╭─ The data

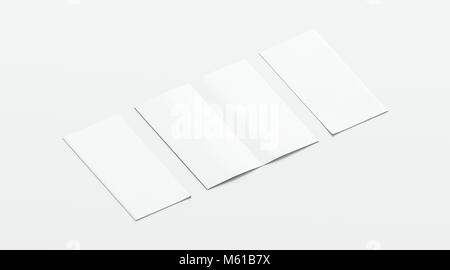 Leere weiße zwei gefaltete Broschüre Mockup, geöffnet und wieder geschlossen, Vorder- und Rückseite anzeigen, 3D-Rendering. Ebene zwei Broschüren Mock Ups isoliert. Buch Stockfoto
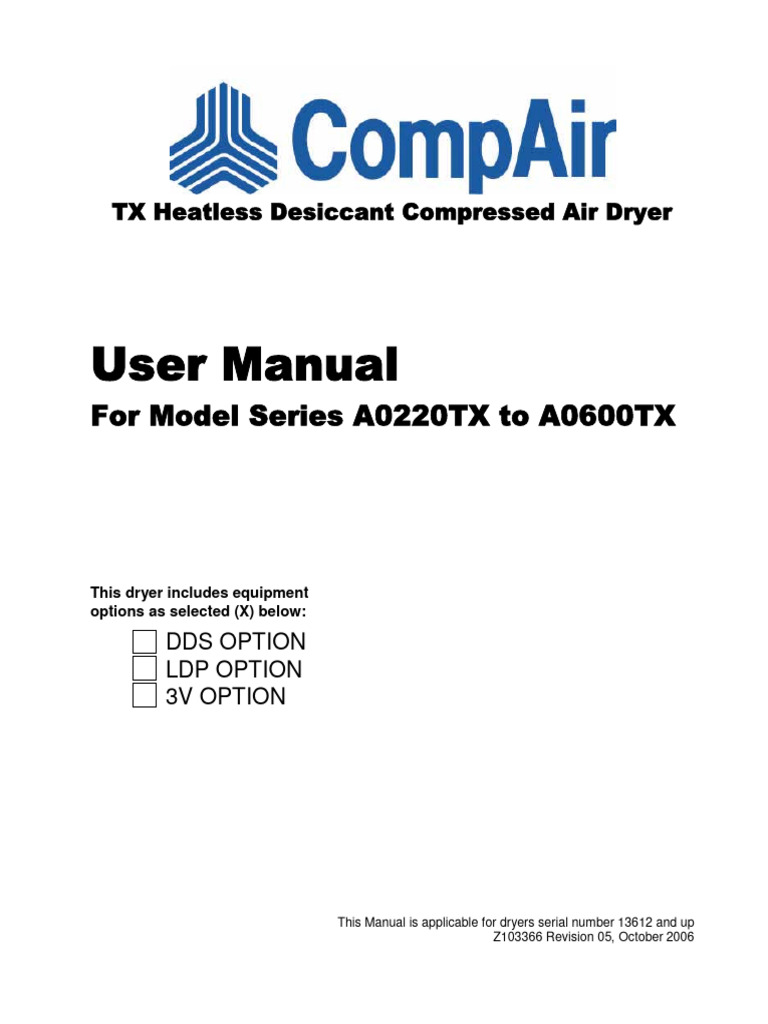 Air Dryer Manual for Technicians | PDF | Valve | Clothes Dryer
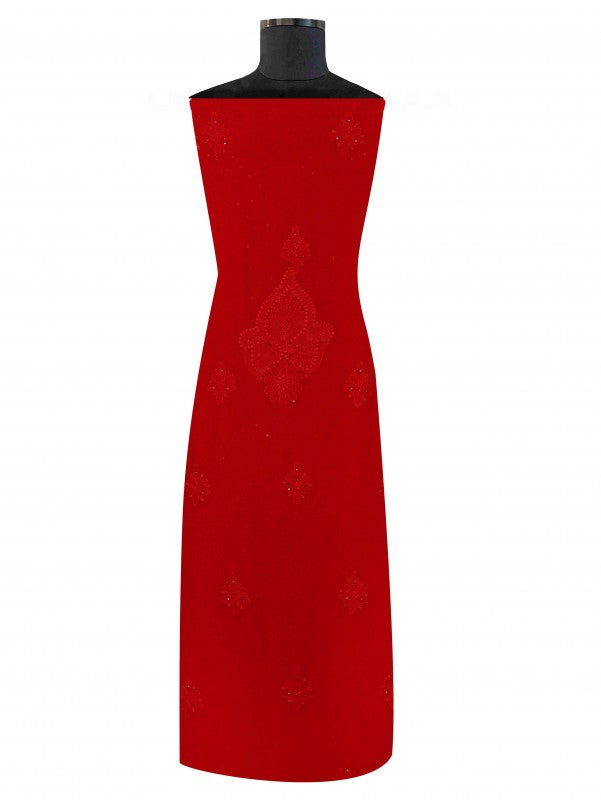 Ada Hand Embroidered Red Georgette Lucknowi Chikankari Unstitched Kurta Piece with Muqaish Work A511732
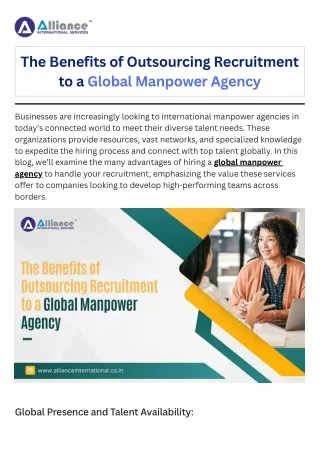 The Benefits of Outsourcing Recruitment to a Global Manpower Agency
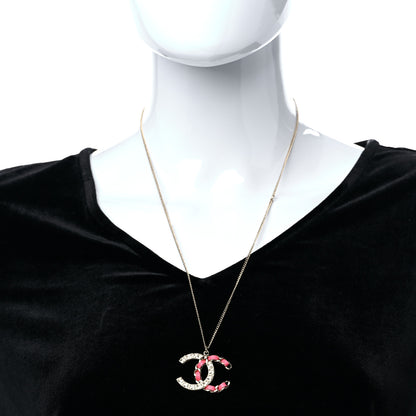 Chanel Lambskin Baguette Crystal CC Necklace Gold Pink 3 of 5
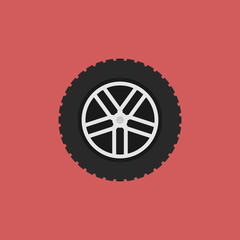 Wall Mural - Car wheel vector flat icon on red background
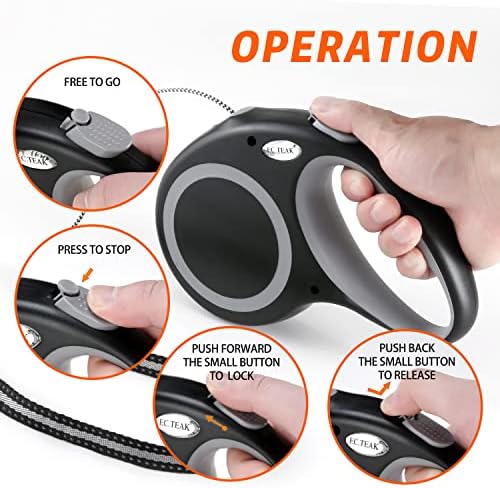Retractable Dog Leash, 30 FT Dog Walking Leash for Small Medium Large Dogs up to 77 lbs, Heavy Duty No Tangle, Black - Image 4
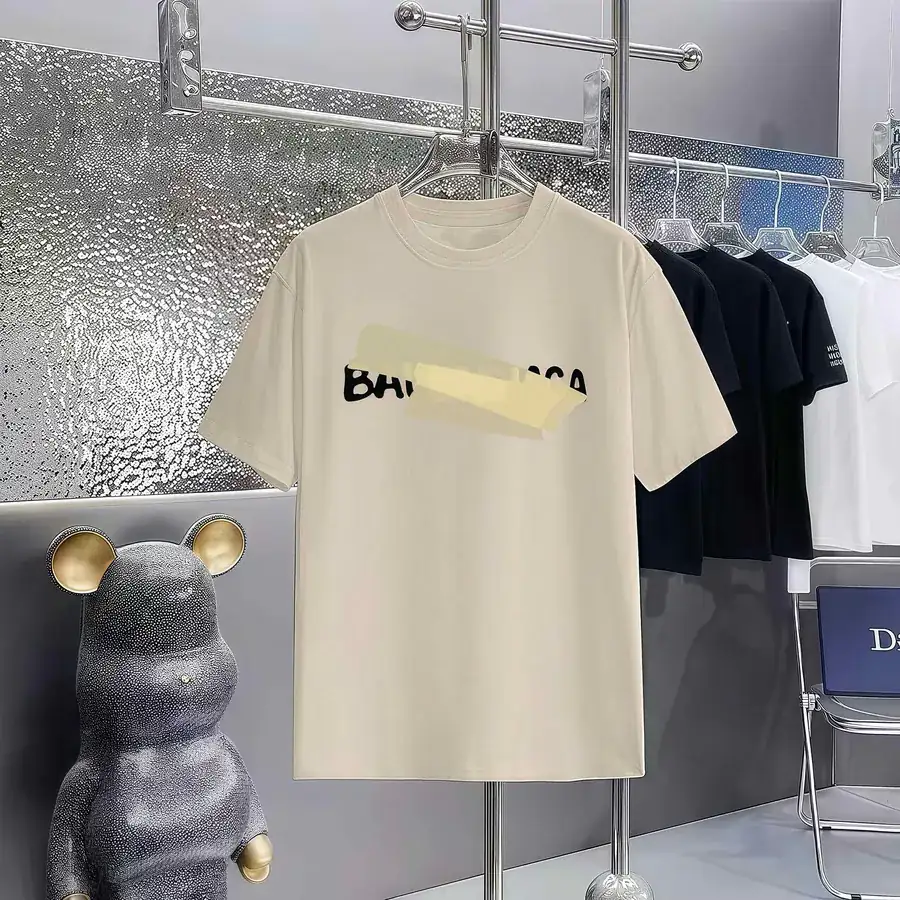 Balenciaga Parisian Print Round Neck Short Sleeve T Shirt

╰─

_Task requirements_
Repeat exactly the lines from the first line of the records above through the line containing "Ada Hand Embroidered", leaving out the pictures.

_Result for this exercise_
 Leere weiße zwei gefaltete Broschüre Mockup, geöffnet und wieder geschlossen, Vorder- und Rückseite anzeigen, 3D-Rendering. Ebene zwei Broschüren Mock Ups isoliert. Buch Stockfoto
 Air Dryer Manual for Technicians | PDF | Valve | Clothes Dryer
 Ada Hand Embroidered Red Georgette Lucknowi Chikankari Unstitched Kurta Piece with Muqaish Work A511732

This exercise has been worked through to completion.